How to reduce docker image sizes

The first step is to follow Docker’s best practices, most importantly, only include what you will need to run your application in your image. Multi-stage builds will help keep dependencies only needed during the build stage out of the final image. In many cases, switching to a smaller base image, like Alpine, will reduce the overall image size dramatically. However, depending on your application’s needs it might be necessary to install additional dependencies so everything will work as expected. The higher complexity that your Dockerfile is and the more dependencies that you add, the harder it can get to distinguish between what your image contains and what’s essential for your application to work properly. 

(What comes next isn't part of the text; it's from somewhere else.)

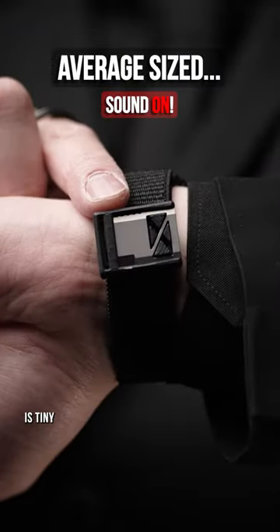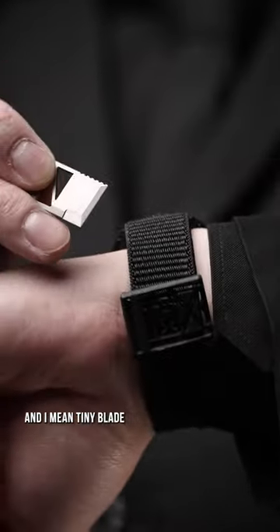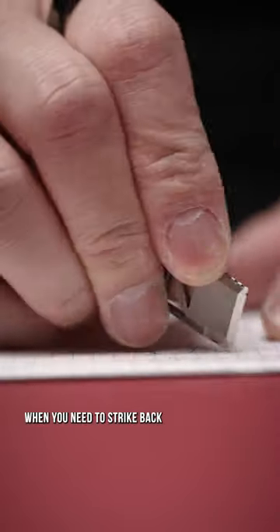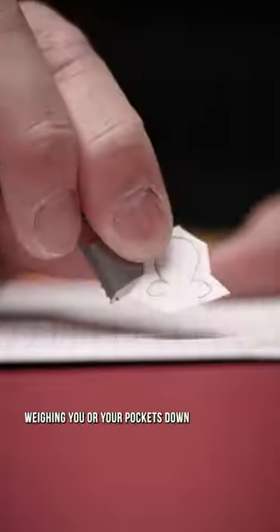The Ultimate Test EDC's tiny, and I mean tiny, blade, offering you the convenience to always have a tool handy, as you'll never know when you need to strike back without it weighing you or your pockets down for the ultimate level of freedom.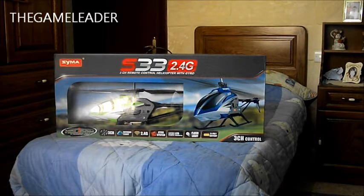Hey guys, the GameEater here and welcome back to our unboxing video. Today I'm going to show the unboxing of a new helicopter which is the S33 2.4GHz helicopter.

Therefore, the most logical step is to review the contents of your images to find out which dependencies take up the most space. A nice tool that’ll help simplify this task is Dive, a UI based analysis tool that lists all of the files in a Docker container, and the layer they belong to. Given that manually scrolling through thousands of files is still too much labour, we built a tool that extracts the file paths, sizes, and the layer for any Docker image. However, before we jump into details about this tool, we’ll take a look at Docker images internals first.

How do Docker images work?

Docker uses a Union Mount File system to efficiently store images. The Union Mount File allows you to merge multiple File Systems into one. In Docker, a layer translates roughly into a single file system. There are various Union Mount File systems available, for example, ‘auf’ and ‘overlay’ each with their own advantages and disadvantages.

The diagram below indicates a typical layout of an image. The various layers are mounted on top of each other and are read-only. The topmost thin read/write layer collects any changes made to the running image.

Docker Images _ Basic Layout_Illustrated

Typical layout of a docker image file

But where are these layers located on your machine? The docker info command, answers this question. Among many other things, it shows which storage driver your system uses and where the files are located. 

Docker Images _Storage info output 1_Code Snippet

Docker storage info output 1

Docker Images _ Storage info output 2_Code Snippet

Docker storage info output 2

Before the release of Docker v1.10 finding the contents of layers on disk would have been easy because the directory names corresponded directly to the ones that the docker history command returned. That means for our use case it would have been enough to parse the output of the history command and run an ls for each layer. Unfortunately, we are no longer on v1.09.

What changed after Docker v1.10

The original and somewhat simple method had its own set of problems, the biggest one being that it was impossible to detect if an image’s contents had been tampered with. Therefore, with  v1.10, a digest derived from the content was added to identify layers. This digest changes if and when the layer content is modified, making it possible to detect any changes.

Another update added in v1.10 is that layers can now be shared between images that are built on different machines, further increasing storage efficiency. However, a consequence of the updates is that directory names are now disconnected from the image ID displayed by the docker history command. Making our analysis (and potential implementation) much harder.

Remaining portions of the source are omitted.